Your Healthier Hanukkah Menu — Fried Food Still Included

During the Jewish festival of lights, people light candles for eight nights, after which they typically enjoy holiday songs and lots of food. Often, that means eating two traditional foods — potato pancakes and jelly doughnuts, both which are fried. Believe me, I love my fried food, but after eight nights of eating oil-laden carbs, I start feeling greasy. Not to mention, I tend to win the dreidel game (think poker with a dreidel), where the prize is chocolate coins. So, in recent years, I started tweaking the menu to make it healthier. Here’s how:

[See: Holiday Vices: How to Have Fun Without Overdoing It.]

1. Plan the menu.

My trick is planning a well-balanced (non-fried) meal an hour or two before candle lighting. Then, I serve light finger foods and desserts after the candle lighting ceremony, which is usually around sundown.

2. Pick your poison.

Latkes (or potato pancakes) and jelly-filled doughnuts are the holiday’s biggest fried food culprits, but they’re also part of the tradition and bring back memories from my childhood. Each night, I pick one — not both — dish to serve fried. The other, I lighten up.

3. Lighten up the potato pancakes.

Potato pancakes are made by grating russet potatoes and mixing them with egg and some spices. They can be deep-fried in oil and served with applesauce and sour cream. But to create a lighter alternative, I do the following:

— Fry mini-potato pancakes to help keep portions in check.

— Grate a combo of potatoes and parsnips, zucchini or carrots, which are all lighter in calories than potatoes. This combo can be pan-fried in a few tablespoon of oil and finished in the oven.

— Instead of sour cream, I opt to serve my potato pancakes with applesauce made with apples, pears or cranberry-apple chutney. That can help use up the leftover frozen cranberries from Thanksgiving, too.

[See: 7 Healthy Ways to Gobble Up Leftover Thanksgiving Turkey.]

4. Create healthier jelly doughnuts.

As for the jelly donuts, you could pick them up at your local bakery or doughnut shop, but what’s the fun in that? In a real emergency, I’ve done that, but I opt for the mini jelly-filled doughnut holes. Otherwise, here’s how I lighten up these babies:

— Fry mini doughnuts and cover them with blue and white sprinkles.

— Bake mini-doughnuts and sprinkle them with confectioner’s sugar and cinnamon. You can purchase a non-stick mini doughnut pan for about $10 to $15.

— Make doughnut cookies or crisps with a jelly glaze. It’s the same idea, but with fewer calories than a full-sized doughnut.

5. Trade chocolate coins for monopoly money.
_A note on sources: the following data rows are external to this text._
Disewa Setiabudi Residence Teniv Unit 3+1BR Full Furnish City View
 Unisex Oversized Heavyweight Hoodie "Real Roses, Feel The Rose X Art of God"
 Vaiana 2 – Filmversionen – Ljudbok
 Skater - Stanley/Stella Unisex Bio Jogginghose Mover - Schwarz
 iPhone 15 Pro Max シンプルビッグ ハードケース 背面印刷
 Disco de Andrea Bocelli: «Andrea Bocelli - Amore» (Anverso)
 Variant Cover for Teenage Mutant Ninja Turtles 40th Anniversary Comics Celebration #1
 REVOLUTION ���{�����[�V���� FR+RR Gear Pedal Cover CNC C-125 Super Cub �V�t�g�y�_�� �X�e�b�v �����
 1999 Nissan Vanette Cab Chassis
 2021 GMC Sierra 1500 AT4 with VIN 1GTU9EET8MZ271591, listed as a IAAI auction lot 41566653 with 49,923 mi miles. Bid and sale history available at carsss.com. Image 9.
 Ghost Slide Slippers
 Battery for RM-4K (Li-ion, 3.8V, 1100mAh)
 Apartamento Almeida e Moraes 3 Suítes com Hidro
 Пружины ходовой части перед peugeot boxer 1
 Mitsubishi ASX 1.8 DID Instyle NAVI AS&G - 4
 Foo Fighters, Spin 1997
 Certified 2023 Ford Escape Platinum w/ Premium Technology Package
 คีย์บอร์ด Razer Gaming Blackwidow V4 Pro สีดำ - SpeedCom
When it comes to playing dreidel for chocolate coins, sometimes, we just use monopoly money or pennies instead of chocolate. Although chocolate isn’t fried, the calories in these addicting coins can add up quickly.

6. Make healthier appetizers.

A few of my go-to finger foods that are also family-friendly include:

Crudites: Besides being super easy to prepare, vegetables provide only 25 calories per half cup. Further, the 2015 Dietary Guidelines for Americans reports that 90 percent of Americans do not meet their daily recommended amount of veggies.

Healthier dip: Bean dip, yogurt-based dip and hummus contain protein and fiber to help fill you up. Avoid dips filled with cheese and other super high-calorie ingredients to make room for the fried goodies.

Lean protein: Skewers are kid- and adult-friendly. Choose chicken, lean beef or shrimp, and serve them with a tomato-based dipping sauce. Meatballs are another family favorite that can be served with toothpicks. Make them with lean ground beef, lamb, turkey or chicken.

Veggie-based appetizers: A light version of stuffed mushrooms, beet chips and skewered mozzarella and grape tomatoes add nutritional value to the meal without going overboard on calories.

7. Balance your desserts.

If doughnuts or doughnut variations are part of the menu, balance them out with fruit. For instance, try:

Fruit salad: You can dress up your fruit salad in a few ways, such as by putting the fruit on skewers and serving them with vanilla yogurt dipping sauce or by finely chopping the fruit and placing it in teeny glasses with mini spoons. (Kid’s love anything mini.)

Cooked fruit-based desserts: Round out dessert with a cooked fruit dish like poached pears or apple crisp served in single-serve ramekins.

[See: In Pictures: 10 Healthy Desserts — and They’re Tasty Too.]

Bottom Line: When it comes to the festival of fried foods, it’s all about planning and being creative in the kitchen so you can enjoy the traditions and food the holiday has to offer.